--- Your task ---
In full and without alteration, print the records below, minus any images.

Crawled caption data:

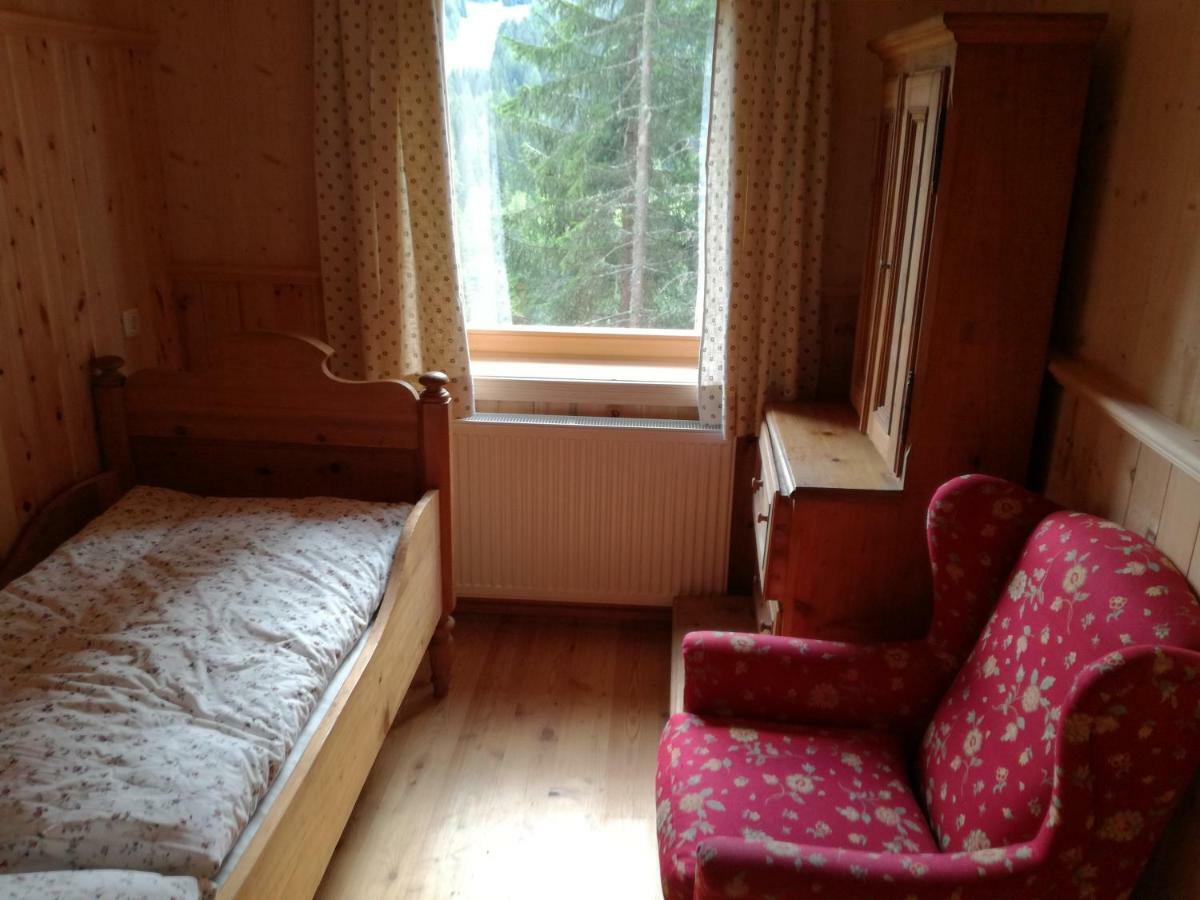 Ferienhaus Flattnitz Extérieur photo
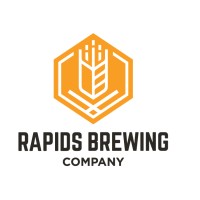 Rapids Brewing Company logo - Similar company to T.S.R. Vidar
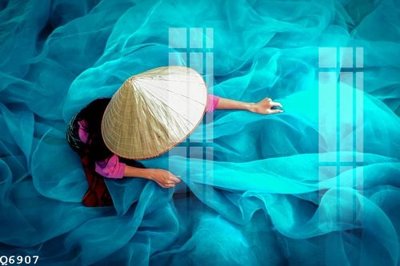 File gốc File gốc in tranh tổng hợp Q6907 (phong cách) cổ điển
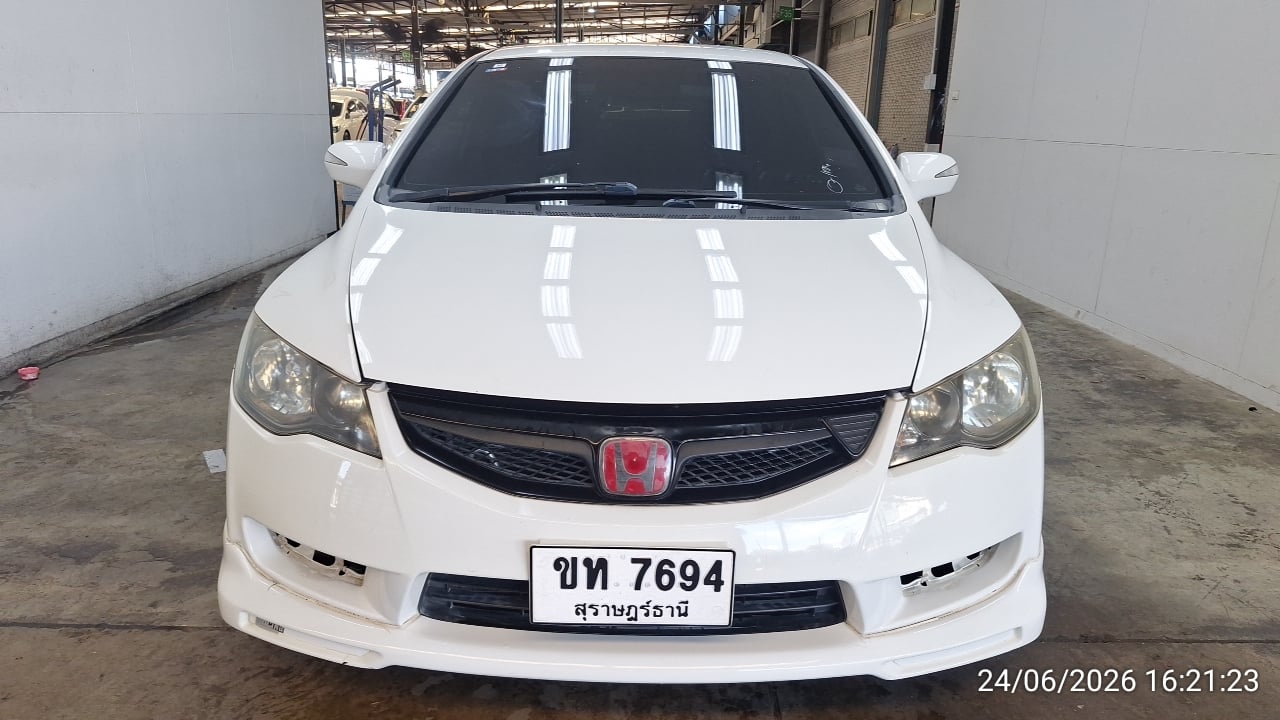 HOND HOND004 1.8 E i-VTEC AT 2011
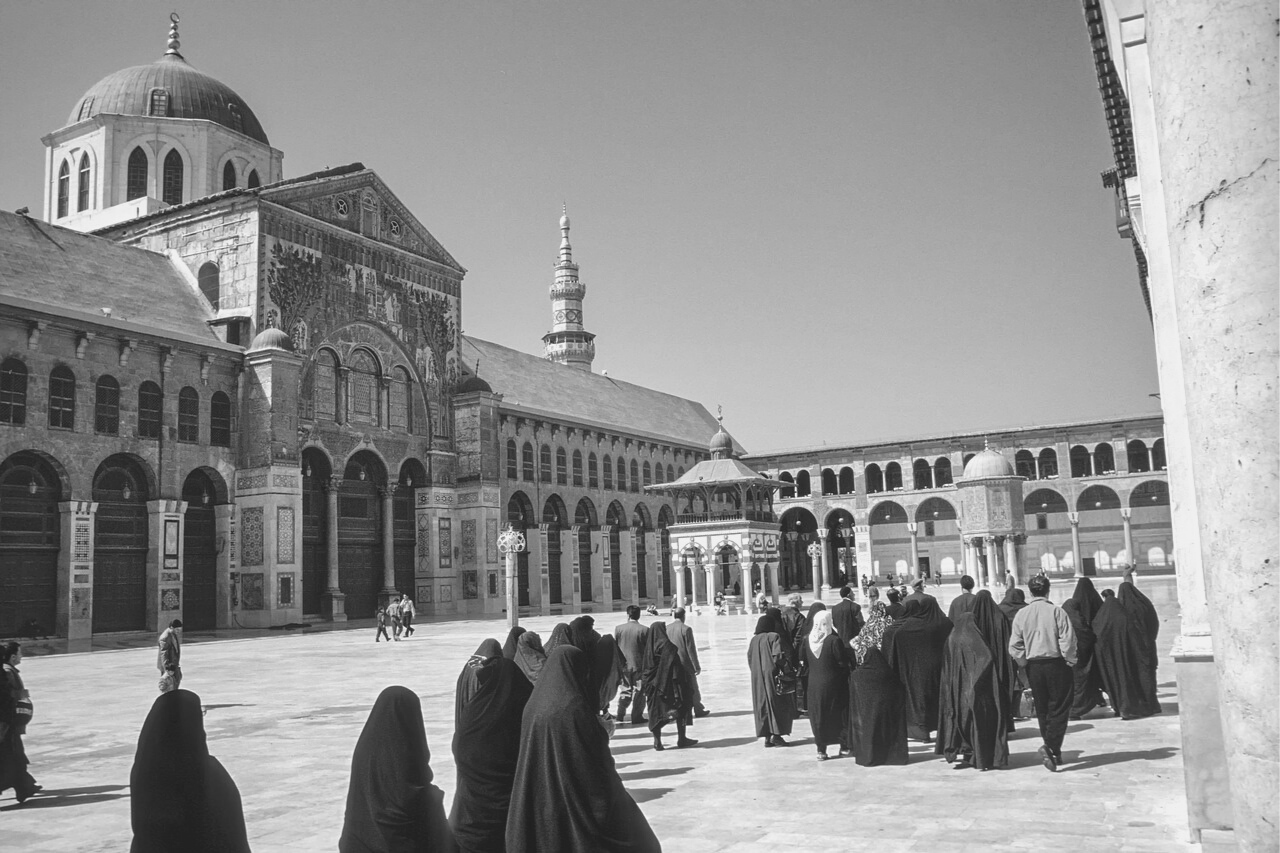 Religião na Síria – o nosso relatório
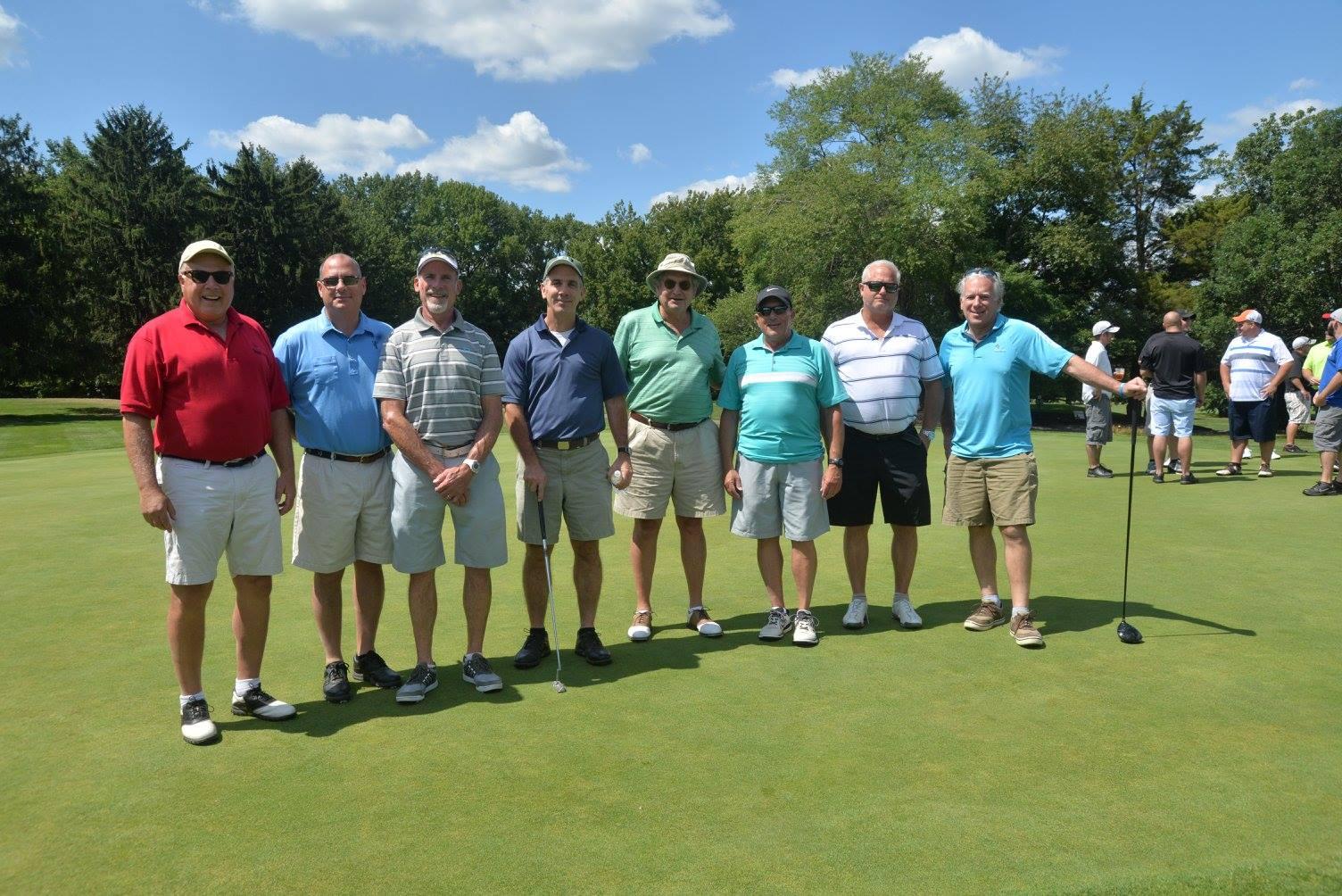 Fourth Annual SJ Mary's Fund Golf Tournament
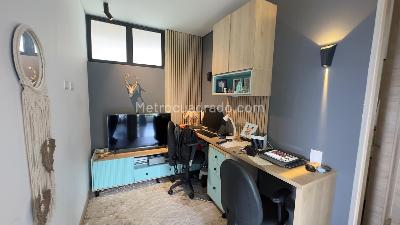 Apartamento de 3 alcobas en arriendo en Loma Del Escobero Envigado, Envigado, 120 m² · foto 9 de 16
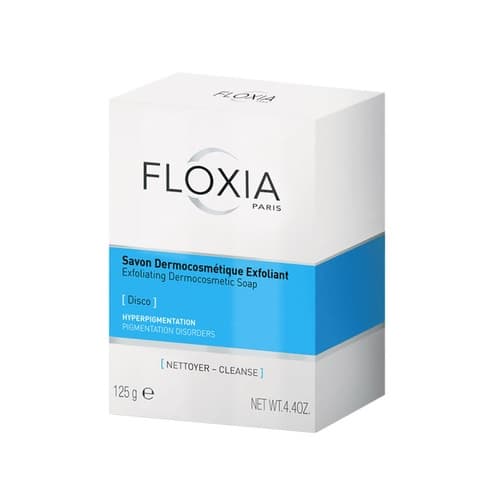 Floxia Savon Exfoliant Éclaircissant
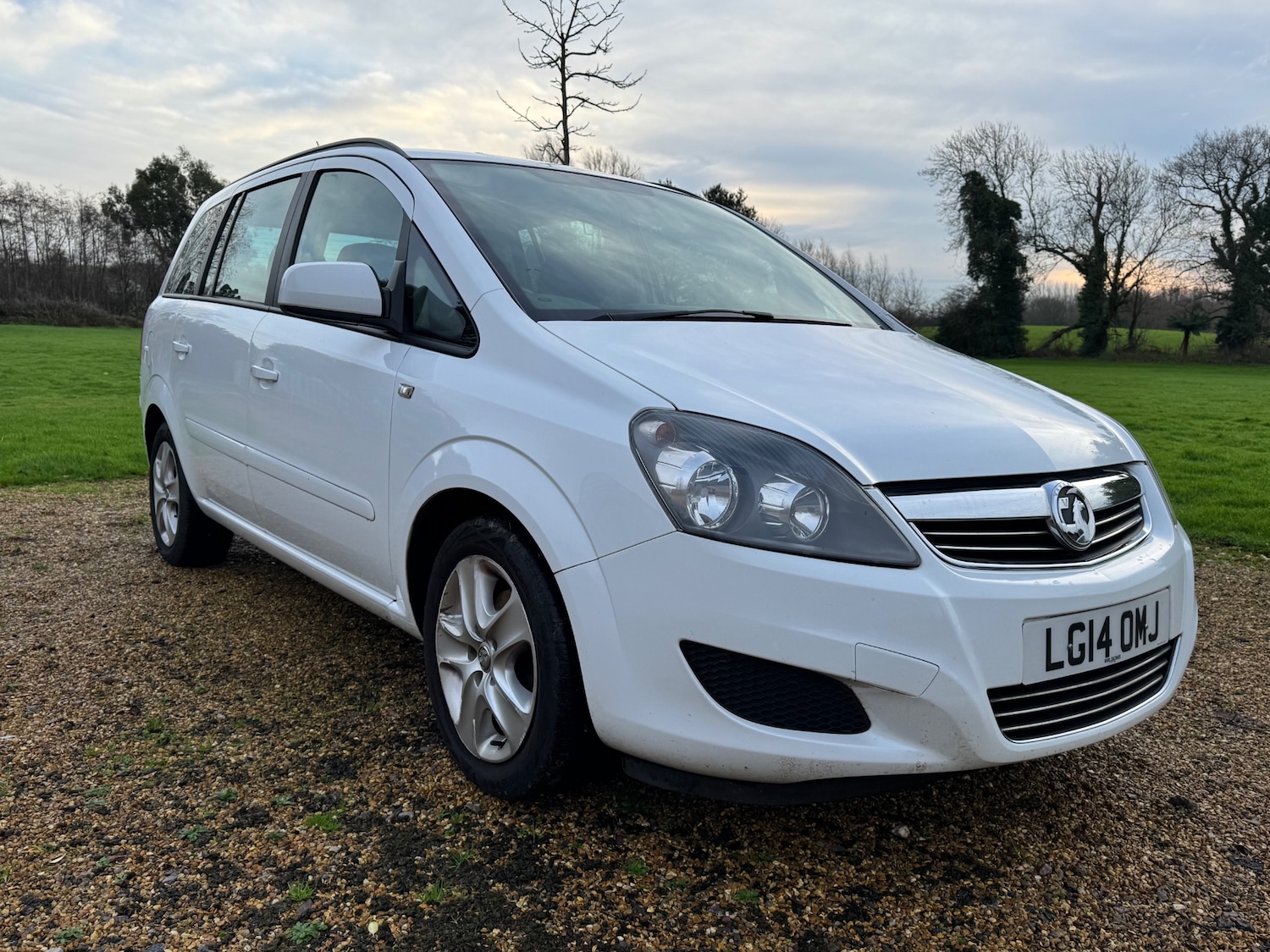 Used Vauxhall Zafira 2014 for sale - 77068857: Photo 18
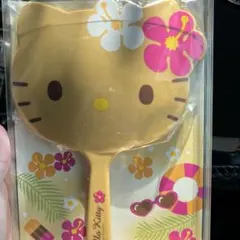 【新品未使用】ハローキティ 手鏡 当りくじ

--- Response for this exercise ---
 Ferienhaus Flattnitz Extérieur photo
 Rapids Brewing Company logo - Similar company to T.S.R. Vidar
 File gốc File gốc in tranh tổng hợp Q6907 (phong cách) cổ điển
 HOND HOND004 1.8 E i-VTEC AT 2011
 Religião na Síria – o nosso relatório
 Fourth Annual SJ Mary's Fund Golf Tournament
 Apartamento de 3 alcobas en arriendo en Loma Del Escobero Envigado, Envigado, 120 m² · foto 9 de 16
 Floxia Savon Exfoliant Éclaircissant
 Used Vauxhall Zafira 2014 for sale - 77068857: Photo 18
 【新品未使用】ハローキティ 手鏡 当りくじ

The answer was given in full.